## DIRECTIONS
Whatever lies between the line that holds "Изображение товара 2594" and the final line of the records below, both included, should be repeated exactly; leave out the pictures and add nothing.

## RECORDS
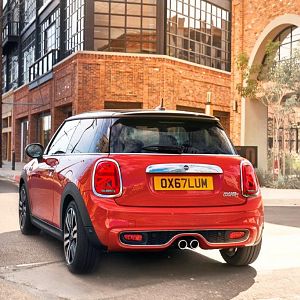 2019 MINI Cooper S 3 Door
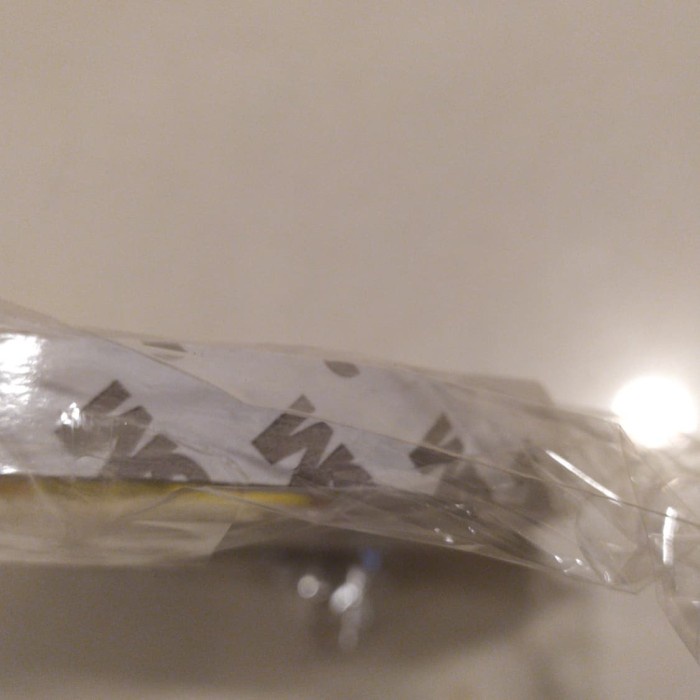 

Hemat Doubel Tape Tipis 3M 9075I / Dabel Tip Kertas 12Mmx50Mtr Sale!!!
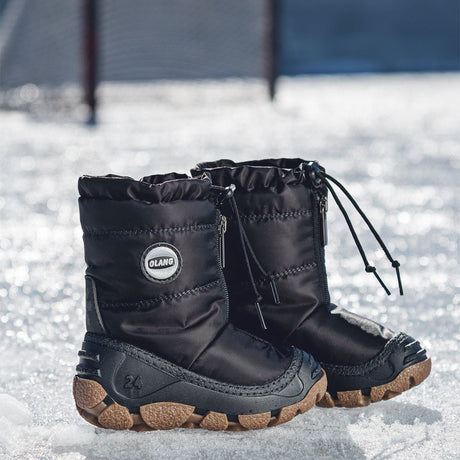 Bottes Eolo Nero Pointures 21-28-Olang-OLA-EOLO-1-CLÉMENT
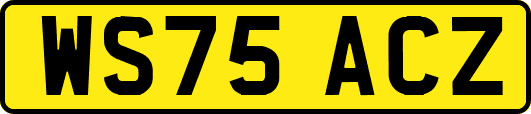 WS75ACZ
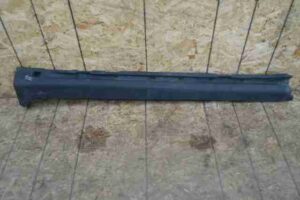 Изображение товара 2594 - 00002594 porog plastikovyj levyj Volvo V50 4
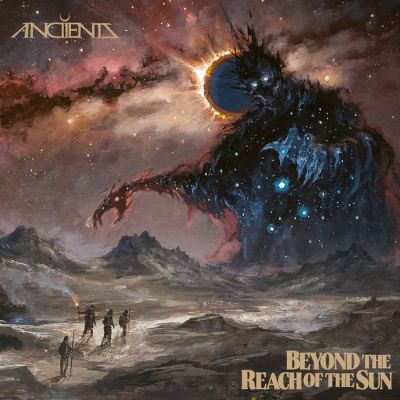 Anciients - Beyond the Reach of the Sun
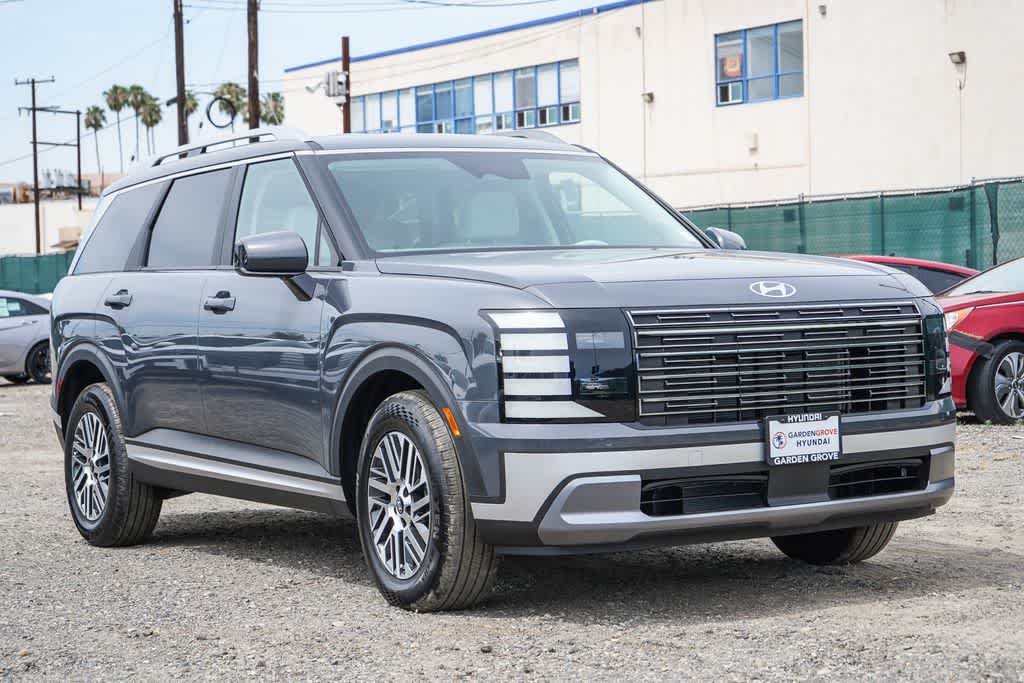 Thumbnail: 2026 Hyundai Palisade - 3
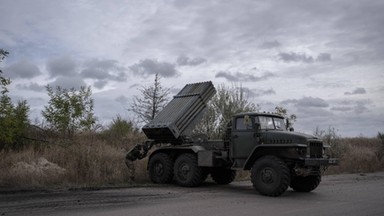 Wojna w Ukrainie. Nasilają się walki w rejonie dolnego Dniepru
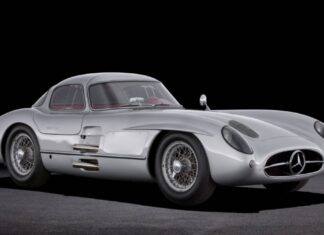 Ovo je uvjerljivo najskuplji automobil na svijetu. Cijena? Sitnica! Samo 135 milijuna eura…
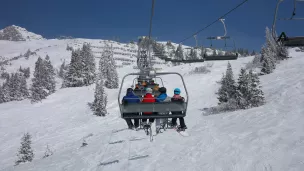 ©Après deux saisons blanches, les remontées devraient se remettre en marche cet hiver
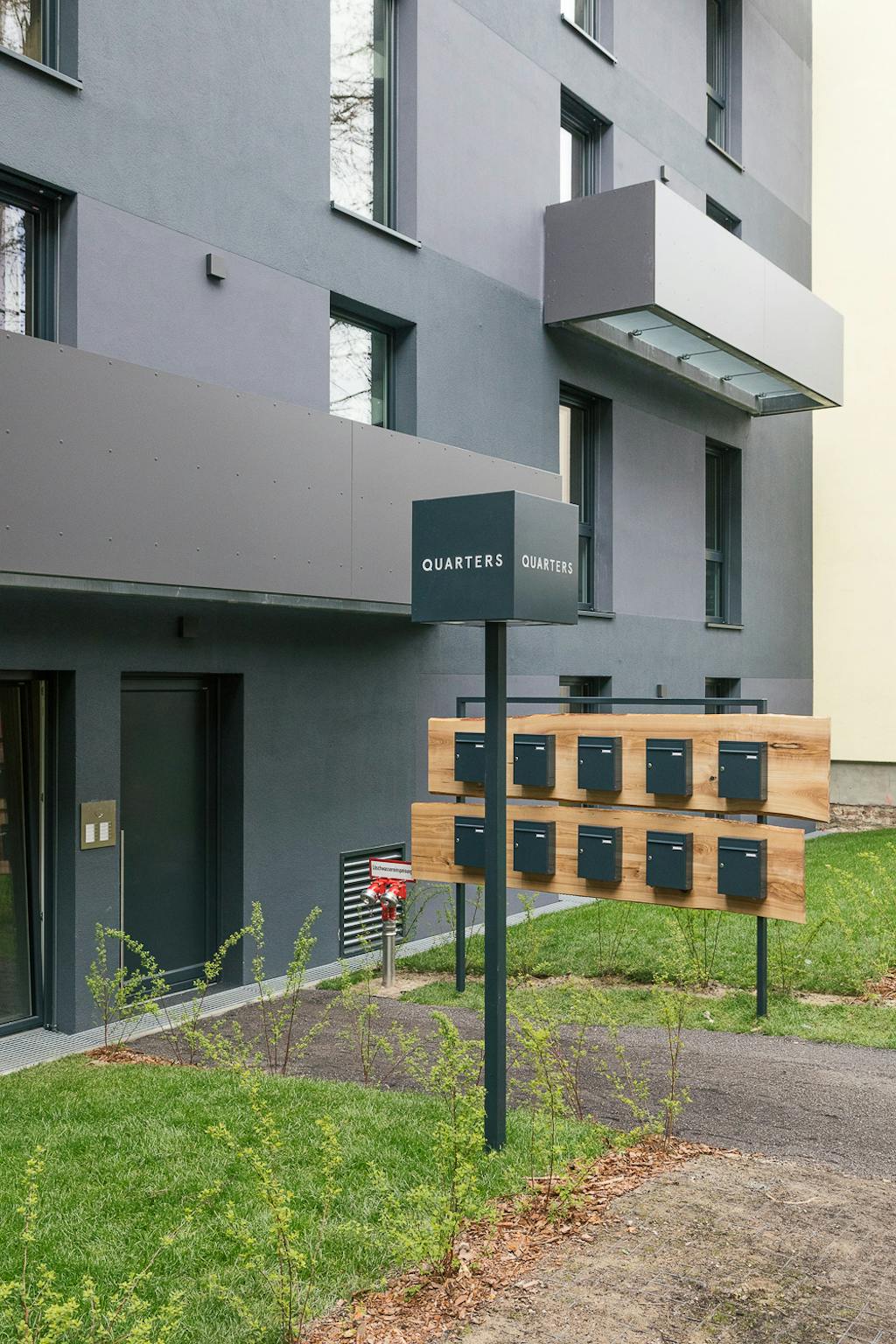 Apartment, Stromstraße, Berlin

## WRITTEN ANSWER
 Изображение товара 2594 - 00002594 porog plastikovyj levyj Volvo V50 4
 Anciients - Beyond the Reach of the Sun
 Thumbnail: 2026 Hyundai Palisade - 3
 Wojna w Ukrainie. Nasilają się walki w rejonie dolnego Dniepru
 Ovo je uvjerljivo najskuplji automobil na svijetu. Cijena? Sitnica! Samo 135 milijuna eura…
 ©Après deux saisons blanches, les remontées devraient se remettre en marche cet hiver
 Apartment, Stromstraße, Berlin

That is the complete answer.